Магия, любовь и виолончель или История Ангелины Май, родившейся под знаком Рыб - Ларина Елена. Страница 25
– Женская логика, – скупо прокомментировал он мою неглупую речь. – Типичная. Тебе с сахаром?
– Вообще-то нет. Но сейчас – да.
– Во-во, – ответил он так, как будто бы мой ответ был еще одним веским аргументом в пользу типично женской логики. – Да, и достань, там над тобой, коньяк. Еще, кажется, есть. И рюмки справа. – И не давая мне вставить слово, сказал: – Я знаю, ты обычно не пьешь, но сейчас будешь.
– Ну да. Клей «Момент» надо бы занюхать, – попробовала пошутить я. Но он почему-то не улыбнулся. Только внимательно, но холодновато на меня взглянул и плеснул в рюмки коньяка. Потом поднял свою и сказал:
– За твою готовность на все ради интервью. Я кивнула. Мы чокнулись, и я поспешно выпила, пряча глаза. Об интервью и о готовности на все я совсем забыла. И, по-моему, он попытался тактично мне об этом напомнить. После коньяка я залпом выпила кофе. Почему-то опять сильно заломило виски. Я прикрыла глаза и прикоснулась к ним пальцами.
А я ведь слегка переиграла, когда это обещала. И вообще, неужели это была я? Свою женскую привлекательность мне никогда не приходилось использовать как условную единицу в обмен на что-то. А когда мы сюда шли, я помню, я считала себя обязанной помочь ему преодолеть тяжкое время. И считала себя виноватой. Но потом что-то изменилось. Что?
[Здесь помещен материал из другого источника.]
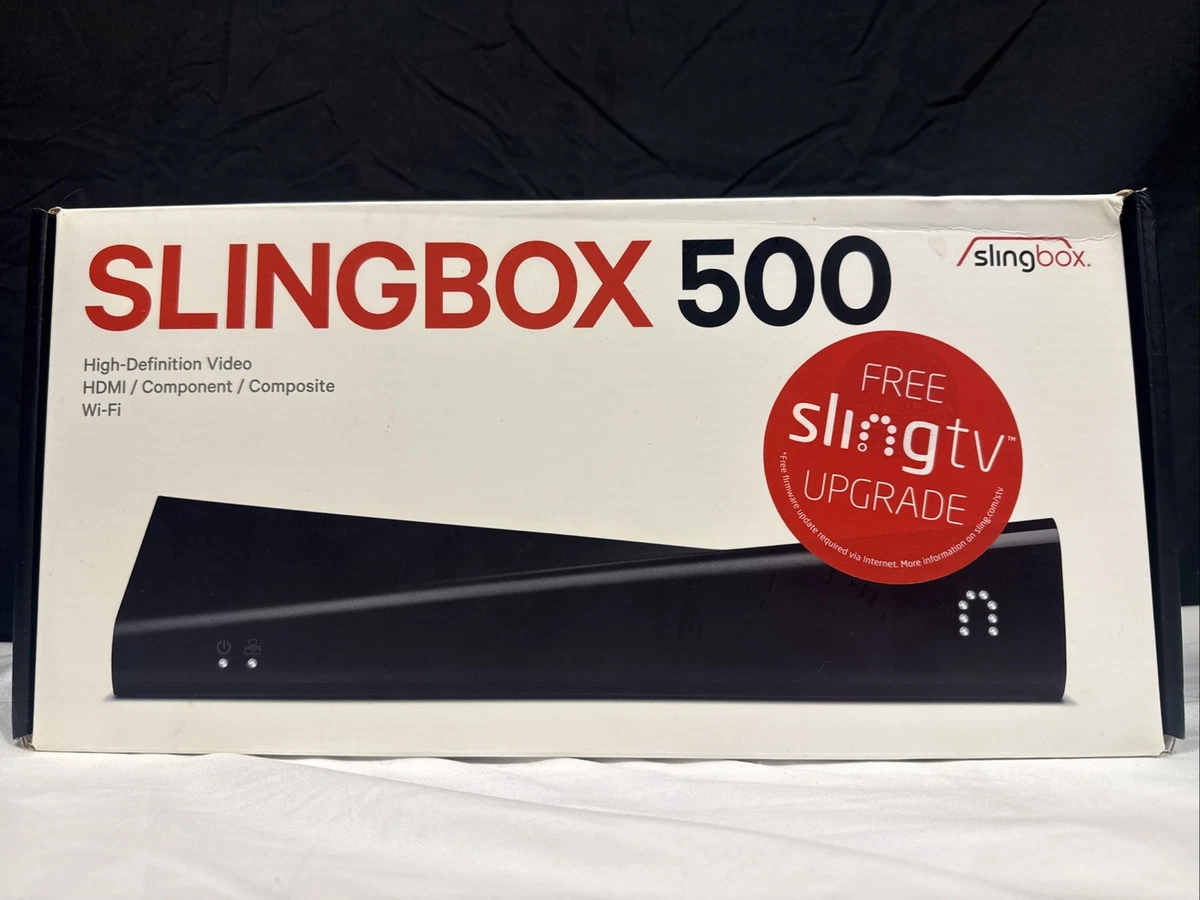 Sling Media Slingbox 500 Home Internet & Media Streamers for sale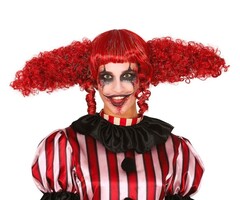 Clown Knotspruik -  Bruin/Rood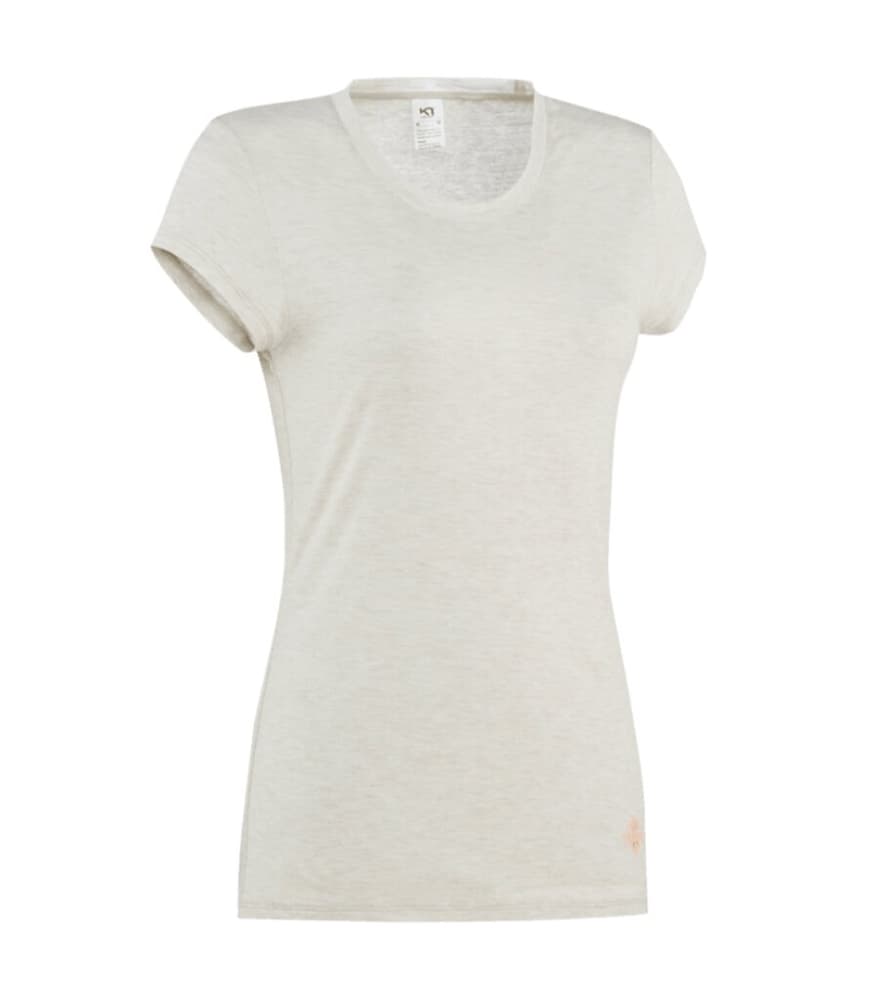 Kari Wastelayer Tee T-shirt Kari Traa 472437800611 Taglie XL Colore bianco grezzo N. figura 1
– Я все вижу, – не глядя на меня, сказал Туманский. Сказал таким тоном, каким говорят ворующему конфеты ребенку. – Давай-ка мы с тобой, честнейшая Херувим, так договоримся… – Он взял меня за руку, сочувствующе улыбнулся и заглянул мне в глаза. – Этаж первый. Выбраться отсюда – не проблема. Если ты в чем-то засомневалась – ты совершенно свободна. Окно я тебе открою. Обещаю. Заодно с Клацем погуляешь. А то засиделся, бедолага.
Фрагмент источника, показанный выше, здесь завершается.